Richard Rose (BFA, Drama Studies 1978; Doctor of Sacred Letters,  jure dignitatis, Thorneloe University, Sudbury, 1998)

For nearly 40 years, Mr. Rose has been a distinguished director in the Canadian theatre community, as well as having directed internationally.  Currently, he is Artistic Director of the Tarragon Theatre (since 2002) and was the Founding Artistic Director of the highly regarded Necessary Angel Theatre Company (1978 – 2002).  He is an Adjunct Professor at York University and sits on the Advisory Council of the George Brown College Theatre Program.  Mr. Rose has served as Director of the Young Company, Stratford Festival (1994 to 1996) and as an Associate Director of the Canadian Stage Company (1996 to 1997).   He has directed in theatres across the country from major regional theatres like the Manitoba Theatre Centre to smaller theatres like GCTC, Ottawa and he has directed internationally from commercial productions in the West End, New York and Los Angeles to training institutions like the Shepherd School of Music in Houston.  Awards received include numerous Dora Mavor Moore Awards for Direction and Productions, the Los Angeles Drama Critics Circle Awards, LA Dramalogue, the People’s Choice at the Bitef Festival, Belgrade and a Betty Mitchell Award, Calgary.  Mr. Rose was honoured with a Doctorate of Sacred Letters (jure dignitatus) from Thorneloe University, Sudbury, the Canada Council Walter Carsen Award for Excellence in the Arts and the City of Toronto’s Barbara Hamilton Award for the same.

I see myself primarily as a director although I continually produce and have occasionally written.  My forte and my art form is theatre direction with some forays into opera and a little film.  Why direction?  I understand “action”.  I believe in “action” as the single most vital creative vehicle for theatrical presentation or representation of stories.  Action is the closest simulation of life and the human experience.  Action is without prejudice, with desire and is created by the pursuit of characters.  Action is created by the clash of characters in conflicting desires.  It is the vehicle I most understand to evoke the contractions of the human experience.  It is intangible, ephemeral, ambiguous, paradoxical—a coin flipping in the air never landing on tails or heads.

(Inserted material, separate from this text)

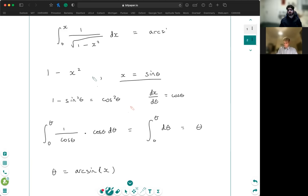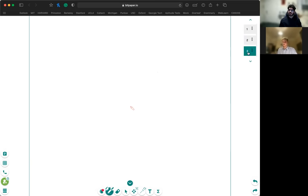Is that the right idea? Yeah, that was good. So for the next question, I want you to work out the center of mass of a hemisphere of radius R with constant density.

I got to where I am in the theatre through a rigourous self-examination and discipline about my work and the work I ask of collaborators.  I am relentless.  I am never happy with the answers I have come up with.  I want the theatre experience to be a continual digging into what I am attempting to understand about life.  I am rarely content with the work I do and if I am I don’t trust it.  It might sound like I am disgruntled with the work: I am but I am inspired by my discontent and so a kind of happy.

2. What was your favourite moment during your time in the Theatre Department, and why?

I spent all night working for a lighting design teacher who became my mentor, Susan Jane Arnold.  I was working on an abstract representation of light for each scene in West Side Story.  I had never done anything like that, working from instinct, from my own stories, my own life experience representing a story of New York City that I really knew little about.  I was covered in chalk dust, a pile of drafts were on my floor but in the middle of the night I had this epiphany I was making art.  My mentor helped me to see the line from my life into the story of a play and how in combination with imagination I could manifest this experience.  I walked into class to explain my presentation intoxicated with exhaustion and amazement.

3. What comment, quotation, statement, or action that a professor—or classmate—offered had the greatest impact on you?

The above was memorable and meaningful.  Another was Mavor Moore (my directing advsior) sat and observed when an actor in my rehearsal accidentally injured herself.  An awkward and painful injury but not life threatening.  I handled it and it was really the first time I had ever had to do so, as the director.  Afterwards Mavor said to me that as Professor he could have taken over and maybe felt he should have but he wanted to see how I would address this as director in the room. I understood trust then.  Subsequently I understood empowerment.  Ron Singer also taught me directing in my very first course, an introduction and in one simple exercise where actors as a group had to sweep across the stage, demonstrated objective, energy and the vector of desire in an image/story—clear, specific and accurate image of action.

4. Is there a way you incorporate a particular aspect of your theatre training in your current work?

Doug Buck taught me the Business of Theatre which I use everyday to get an audience for my work – theatre is nothing without an audience and artists are never happier than when they are getting paid.  Artistic income is one of those necessary dignities in a business that seems to have a lot of humiliation.  Paying an artist is critical and that comes from a theatre filled with an audience.  This economic relationship is a mirror to the creative relationship.